「若者よ、美術館へ行こう!」松本県ケ丘高の4人がリポート

松本市の松本県ケ丘高校1年C組の飯島澪さん、大工原和奏(わかな)さん、末次葵さん、瀧田花さん(いずれも16歳)が探究学習で、「美術館の若者離れを食い止めるためには」というリポートを作成し、学年内で発表した。美術館や展示の魅力を伝えるために、今後は各人がSNS(交流サイト)で発信することも考えている。「若者よ、美術館へ行こう!」
4人は松本市美術館で昨年7~10月に開いた、「映画監督山崎貴の世界」展を、学校で配られたチケットで見に行き、映画の製作過程がよく分かったり、映画で使われた物を見ることができたりなど展示の工夫に感心。一方で、若者の姿があまりないことに着目した。
「美術館は大人が行く場所」「敷居が高い」と感じていたが、実際に訪れてイメージが変わった4人。「美術館の良さを若者にも知ってほしい」という思いで活動を始めた。
まずは実情を知ろうと同10月、同館で来館者に聞き取り調査を行い、目的などを尋ねた。加えて同館と美ケ原高原美術館(上田市)、安曇野ちひろ美術館(松川村)の3館に、来館者に年代や若者を呼び込む展示の工夫などを聞いた。
結果は、3館とも大学生・高校生以下の来場者は2割以下だった。「予想以上に若者の来場が少なくて驚いた」と飯島さん。
どうすれば若者の興味を美術館に向けられるかを考え、館や展示の魅力を各人のインスタグラムで発信するのが「友人や知人の反応も分かり、面白いのでは」。そこから、課題を解決する糸口が見つかるかもしれないと考えた。

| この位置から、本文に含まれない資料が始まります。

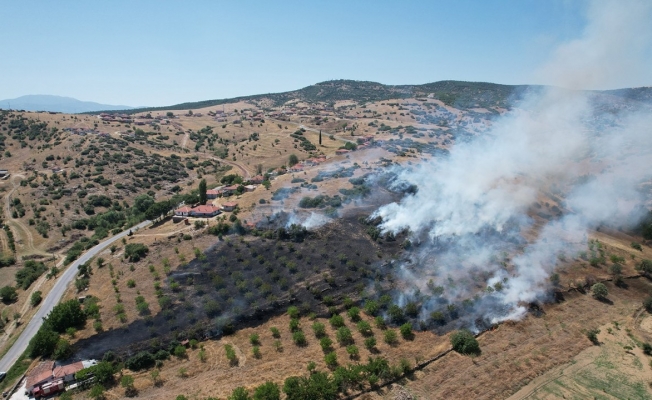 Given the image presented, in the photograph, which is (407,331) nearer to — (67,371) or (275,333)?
(275,333)

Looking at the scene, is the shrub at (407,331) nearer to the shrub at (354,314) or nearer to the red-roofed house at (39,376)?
the shrub at (354,314)

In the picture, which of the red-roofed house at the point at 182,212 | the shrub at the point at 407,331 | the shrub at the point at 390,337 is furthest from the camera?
the red-roofed house at the point at 182,212

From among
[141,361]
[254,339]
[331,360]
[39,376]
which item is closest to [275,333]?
[254,339]

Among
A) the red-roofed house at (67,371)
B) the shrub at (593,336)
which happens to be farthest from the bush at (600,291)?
the red-roofed house at (67,371)

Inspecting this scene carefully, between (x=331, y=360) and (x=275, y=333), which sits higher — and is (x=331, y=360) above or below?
above

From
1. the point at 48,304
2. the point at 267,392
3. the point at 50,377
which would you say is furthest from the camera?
the point at 48,304

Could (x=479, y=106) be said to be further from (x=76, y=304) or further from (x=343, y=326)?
(x=76, y=304) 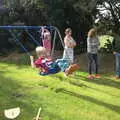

美術館の魅力は?という記者の質問に、飯島さんは「静かな空間で、興味あるものを集中して見られる」。どんな展示を見たい?という問いには、4人とも「松本や長野県にゆかりのある有名人の展示があればぜひ行きたい」「まだ草間彌生さんの展示を見ていないので、見てみたい」と口をそろえる。
さまざまな作品に触れることで、自分の世界が広がることを知った4人。新しい出合いはスマートフォンを通じてだけではないことを、同世代に伝えてくれそうだ。